Modeling the session behavior of bots. —
With the emergence of web 3.0, and scarce online products (NFTs, tickets, etc) the constant threat of scalper bots poses a significant threat, often acquiring high-demand assets en masse for resale at inflated prices. This study proposes the use of unsupervised machine learning techniques in a pipeline model, starting primarily with K-means clustering and progressing to regression for feature significance, ultimately to identify and differentiate between human users and scalper bots based on their activity patterns over days and weeks.
We will collect and analyze session data and authentication attempts from a popular web 3.0 platform. The data includes timestamps of login attempts, session durations, frequency of visits, and transaction behaviors. We will perform feature engineering to allow for polynomial fitting of behaviors. Our hypothesis is that bots exhibit distinct patterns in terms of session frequency, duration, and transaction activities compared to genuine users, especially during product scarcity periods.

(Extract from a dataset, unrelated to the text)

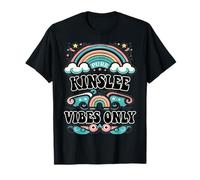 Kinslee Vibes Only Cute Retro Girls Kinslee Name Camiseta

K-means clustering will be employed to segment users into clusters based on their activity patterns. We expect to identify clusters with high-frequency, short-duration sessions, and rapid transaction attempts, typical characteristics of scalper bots. Additional unsupervised methods like Hierarchical Clustering and Principal Component Analysis (PCA) will be used for data dimensionality reduction and to validate the robustness of the identified clusters.
The outcome of this research aims to provide web 3.0 platforms with a data-driven approach to detect and mitigate scalper bot activities, ensuring fair scarce-asset distribution and enhancing user experience.